Scott’s father: “I will not, I named him Scott because I like that name.”

Meanwhile in the parked car, Shlomo and Devorah prepare themselves for entering the house.

Devorah: “Are you sure we have to go in? It’s so hard being around my family.”

Shlomo: “I know, but it’s important. We need to honor our parents however we can while still sticking to the halachah.”

Devorah: “That’s what is so hard. My parents see my observance as a rebellion or abandonment. To them, I’m just doing something foolish, wasting my time.”

Shlomo: “I wish they could see that being more observant is not forsaking them, that we are actually embracing our family at the roots. Wouldn’t it be great if they could understand how connected we feel to our great-grandparents?”

Devorah: “It sure would. I wish my great-Bubby, Sarah Malka, was still with us. She would be so thrilled to know I plan to cover my hair as a married woman. She would understand why I made the dessert in my kitchen. I even made the rugulach from one of her recipes. My grandmother remembered it and gave it to me; she treated it like one of the family heirlooms.”

Shlomo: “Well I’d like my great-Zaydie, Moshe Yisroel, to be here tonight to stick up for me. He studied Talmud every day before work and carefully kept Shabbat. My father and grandfather held up his example when they were pushing me to study for my bar mitzvah. Then it was important to them. Why not now? It seems so hypocritical to me. ‘Just study enough to get through the bar mitzvah and then do what every other Jew does: forget it.’ Well I am not planning on forgetting it. I want to learn more and more. To me, Torah is even more complex and exciting than nuclear physics, I never want to stop learning.”

Devorah: “I so wish your father didn’t feel like your MIT education was wasted because you’re learning in yeshivah and becoming observant. If he only could see how much you value it and that you use what you have learned to understand Judaism better.”

Shlomo: “Isn’t it ironic that they think we are so far off the deep end, when we are just trying to live the same way our great-grandparents, and every generation before them, lived. I wish they could see that it is they who have gone off the deep end—into assimilation and a very secular worldview.”

Devorah: “I’m afraid we won’t get anywhere with that argument. Maybe over time, as they see us happily married, G-d willing, and living a good life, they will appreciate that this is a healthy path for us.”

Shlomo: “At least we’re not into some of the things our cousins are doing, like piercing our eyebrows and tongues, or barhopping and waking up next to a new face several times a week, or living on a commune. It just seems so weird that they’d almost be happier with us if we were.”
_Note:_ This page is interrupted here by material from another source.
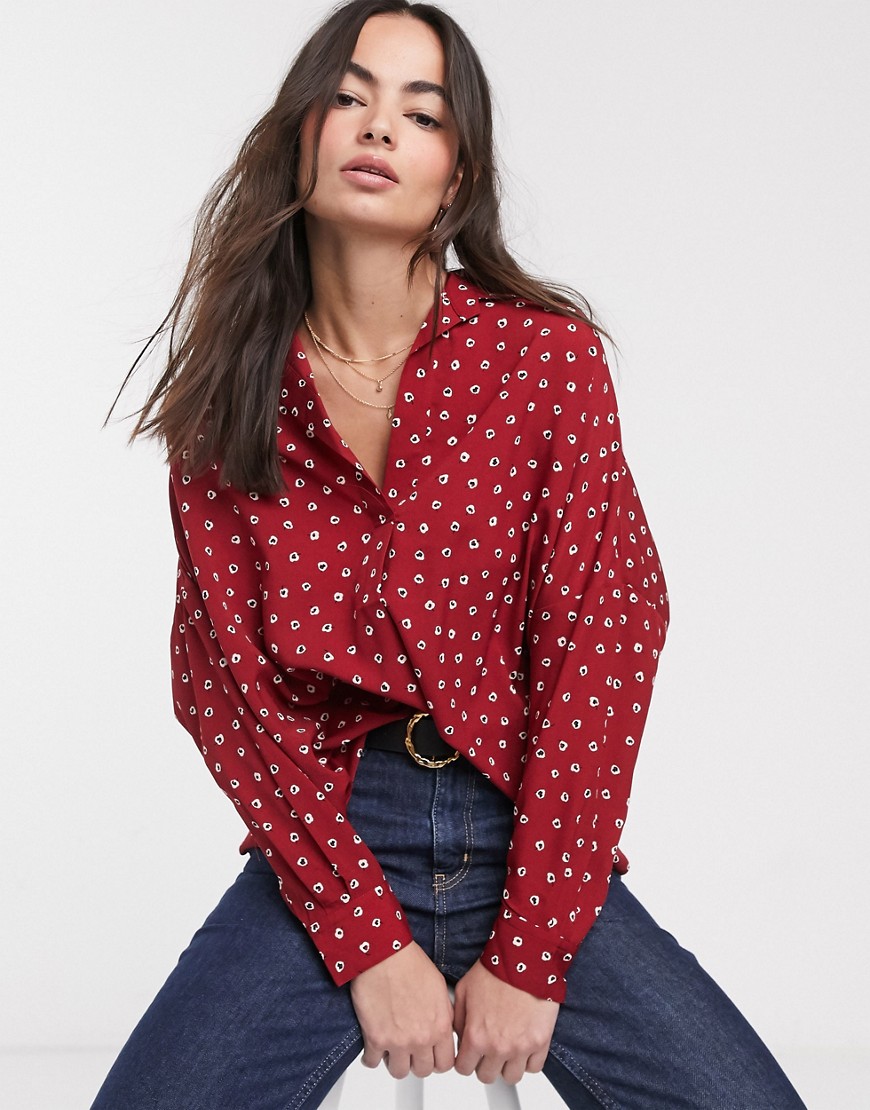 French Connection adelise light pop over shirt-Multi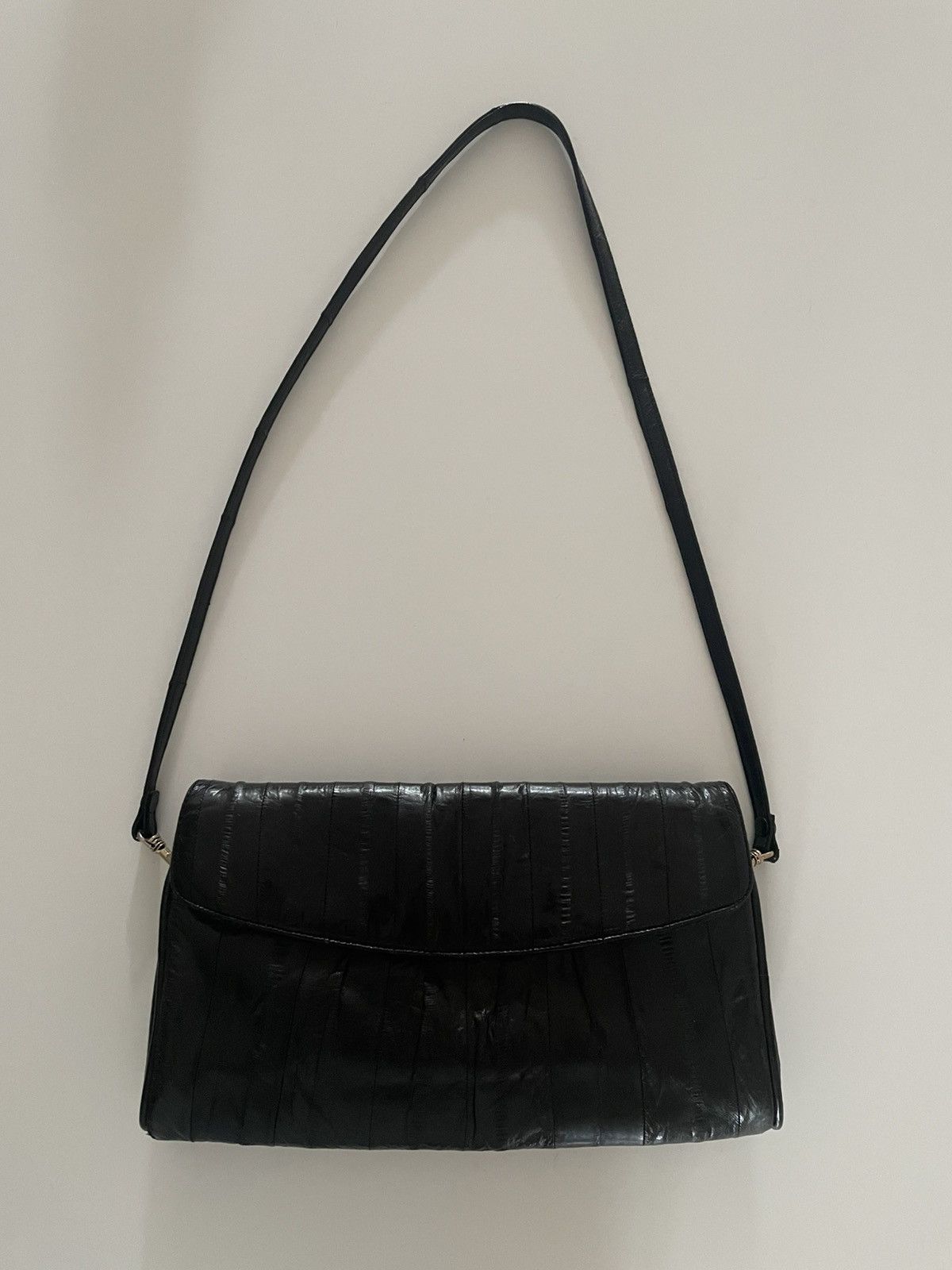 Vintage Vintage Black Leather Clutch Size ONE SIZE - 2 Thumbnail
Devorah: “Well, even if we can’t make them happy, at least, we can be respectful.”

Shlomo: “Right, let’s go inside.”

Chapter 2

The Big Questions
Many questions come to mind when we learn that one of our children or a close friend or even a parent has decided to become more observant. Sometimes they tell us directly. Often we notice through changes in behavior. We wonder why they have made this decision, and if they really understand what it means. Some people feel dismayed as the ramifications of the change become more apparent. Some people wonder:

  • Does their change into an observant Jew have anything to do with us?

  • Do they expect us to change our ways and become like them?

  • Are they risking their financial, emotional, and spiritual well-being?

  • Are they joining a cult?

  • Are they abandoning everything we enjoyed together?

  • Is our relationship at risk?

  • How can we grow our relationship when they are becoming so different?

One of the qualities of Judaism, which is a redeeming feature as well as a frustration, is that there are many answers to just about every question. And sometimes there are just more questions. In this chapter, we provide some possible short answers, and give you room to add more from other sources. Additional questions, answers, and more questions will also be presented in other chapters.




Does their change into an observant Jew have anything to do with us?


Yes and no. Yes, in the sense that they want something different in their lives that they did not have when living with us or in socializing with us. No, it is not related to us. The changes are usually internally driven.

Let’s ask them what prompted their change. Usually the answer is many layered. When we ask, if we can listen without judgment or defense, they may feel safe enough to share deeper levels with us. Truly listening, with an ear to learning more about what makes that person into who they are, can also allow them room to explore their motives and gain new insight into themselves.




Do they expect us to change our ways and become like them?


That is often a fond desire, but hardly ever an expectation. They are aware of how important desire is. They are still discovering how many changes are required in becoming observant. Of course, it would be great to have family and close companions also choose this path. Newly observant Jews are not out recruiting. They have enough on their plate dealing with the changes in their lives. They are very busy learning. Very often as they become better versed and more learned in their chosen life commitments, they become more accepting of other people’s choices. In the beginning of their change, there is often a zealous stage. They may seem more rigid, controlling, or defensive. This is a stage in the process. Usually, it will pass.